RECORD EXCERPTS:
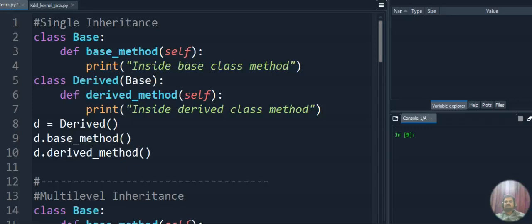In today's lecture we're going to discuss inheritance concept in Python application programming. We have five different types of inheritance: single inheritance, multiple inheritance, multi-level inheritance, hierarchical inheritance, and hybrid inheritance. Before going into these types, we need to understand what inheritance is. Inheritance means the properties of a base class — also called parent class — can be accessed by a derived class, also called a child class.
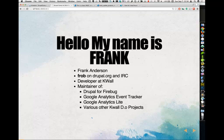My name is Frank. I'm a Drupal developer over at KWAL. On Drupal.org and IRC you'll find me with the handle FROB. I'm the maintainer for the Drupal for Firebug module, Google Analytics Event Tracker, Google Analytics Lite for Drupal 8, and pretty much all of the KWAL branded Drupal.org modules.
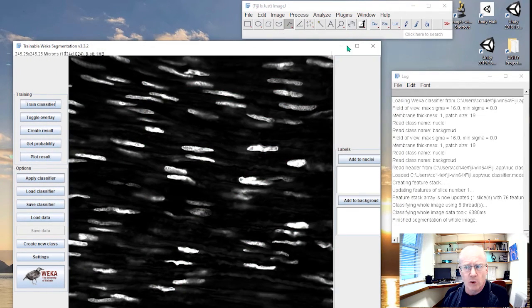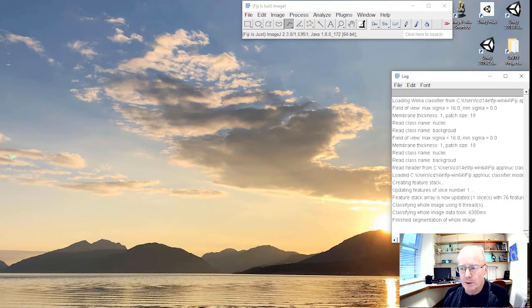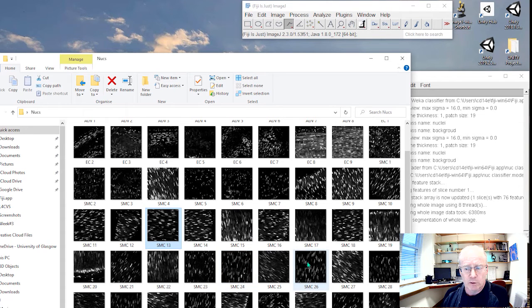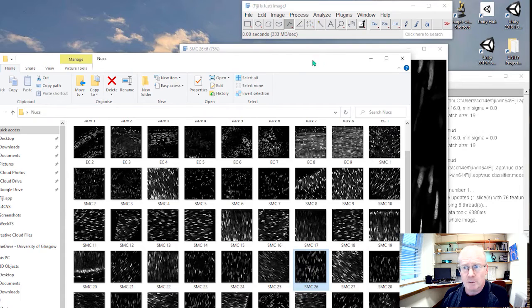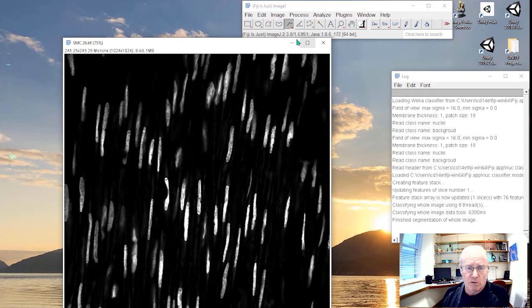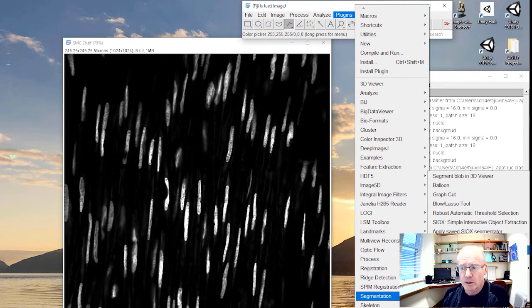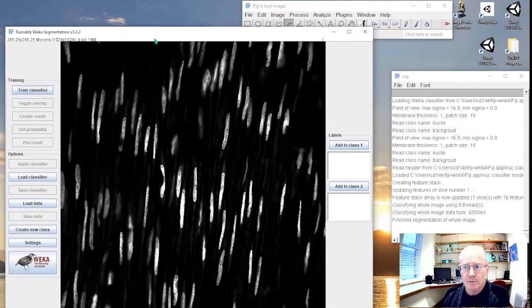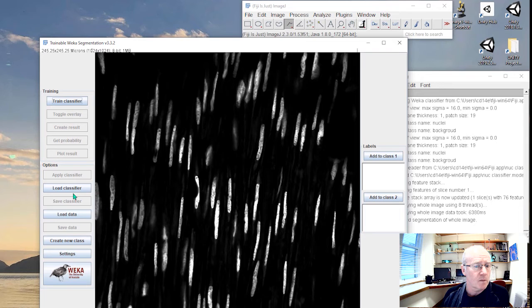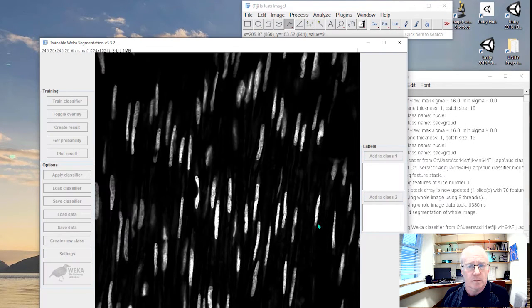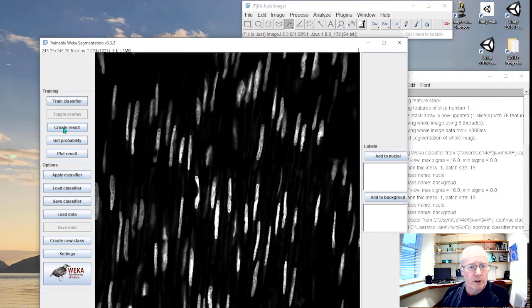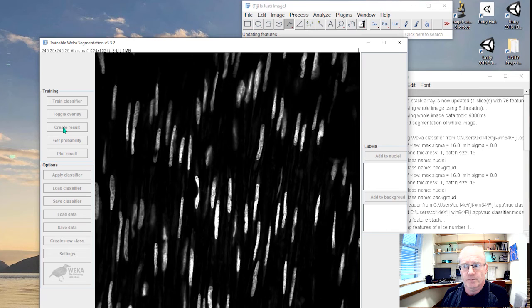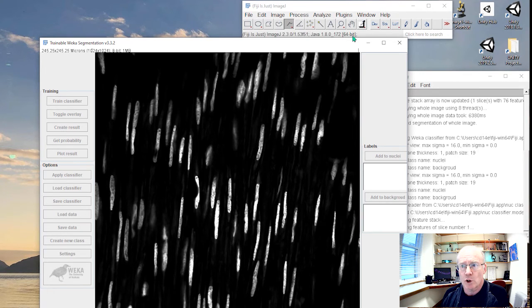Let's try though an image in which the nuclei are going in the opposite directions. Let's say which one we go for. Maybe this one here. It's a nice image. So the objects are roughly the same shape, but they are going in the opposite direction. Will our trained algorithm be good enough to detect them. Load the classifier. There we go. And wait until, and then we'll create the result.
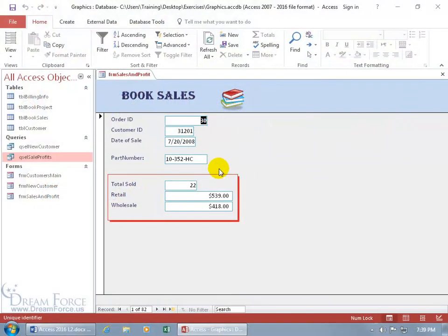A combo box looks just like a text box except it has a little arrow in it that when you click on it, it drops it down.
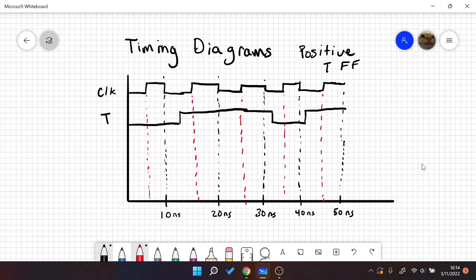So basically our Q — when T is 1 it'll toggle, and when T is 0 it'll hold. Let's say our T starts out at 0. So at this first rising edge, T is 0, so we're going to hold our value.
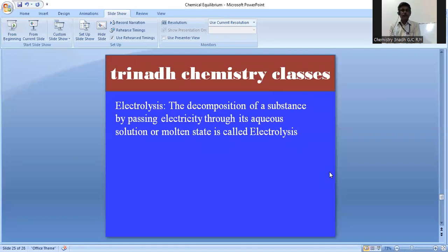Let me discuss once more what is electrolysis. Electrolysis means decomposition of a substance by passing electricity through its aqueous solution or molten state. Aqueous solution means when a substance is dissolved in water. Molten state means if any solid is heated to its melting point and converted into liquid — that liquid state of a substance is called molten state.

* * *

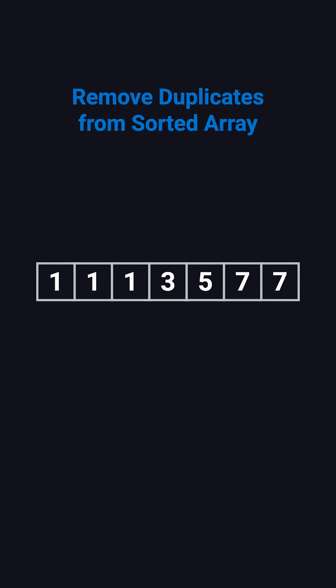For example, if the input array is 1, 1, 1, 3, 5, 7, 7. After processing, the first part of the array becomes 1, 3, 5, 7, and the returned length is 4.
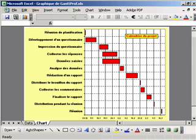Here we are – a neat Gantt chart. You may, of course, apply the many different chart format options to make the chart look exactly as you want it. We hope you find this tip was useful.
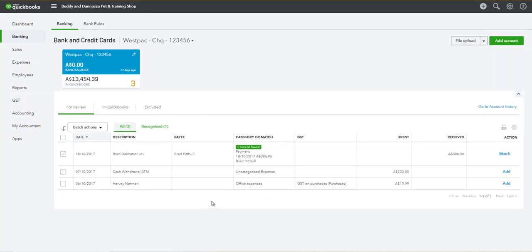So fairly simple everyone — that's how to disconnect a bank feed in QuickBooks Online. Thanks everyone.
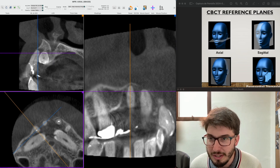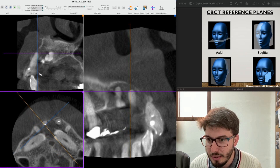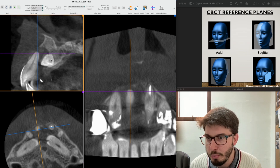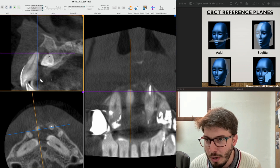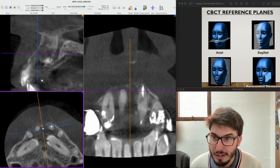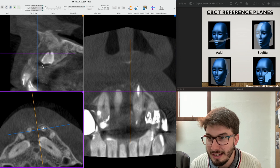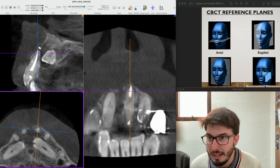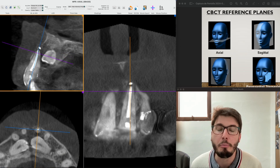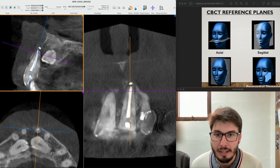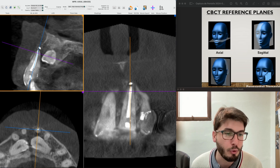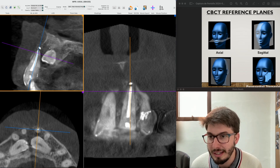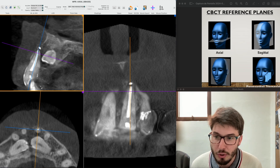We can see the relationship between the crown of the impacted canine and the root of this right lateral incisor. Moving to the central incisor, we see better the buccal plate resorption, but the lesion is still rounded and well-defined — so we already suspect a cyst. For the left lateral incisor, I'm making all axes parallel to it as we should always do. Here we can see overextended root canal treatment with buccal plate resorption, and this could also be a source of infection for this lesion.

WHAT THE TASK REQUIRES:
Write out again exactly the lines above from the one with "Here we are" through the one with "We can see the", adding no other lines and no pictures.

EXERCISE SOLUTION:
Here we are – a neat Gantt chart. You may, of course, apply the many different chart format options to make the chart look exactly as you want it. We hope you find this tip was useful.
So fairly simple everyone — that's how to disconnect a bank feed in QuickBooks Online. Thanks everyone.
We can see the relationship between the crown of the impacted canine and the root of this right lateral incisor. Moving to the central incisor, we see better the buccal plate resorption, but the lesion is still rounded and well-defined — so we already suspect a cyst. For the left lateral incisor, I'm making all axes parallel to it as we should always do. Here we can see overextended root canal treatment with buccal plate resorption, and this could also be a source of infection for this lesion.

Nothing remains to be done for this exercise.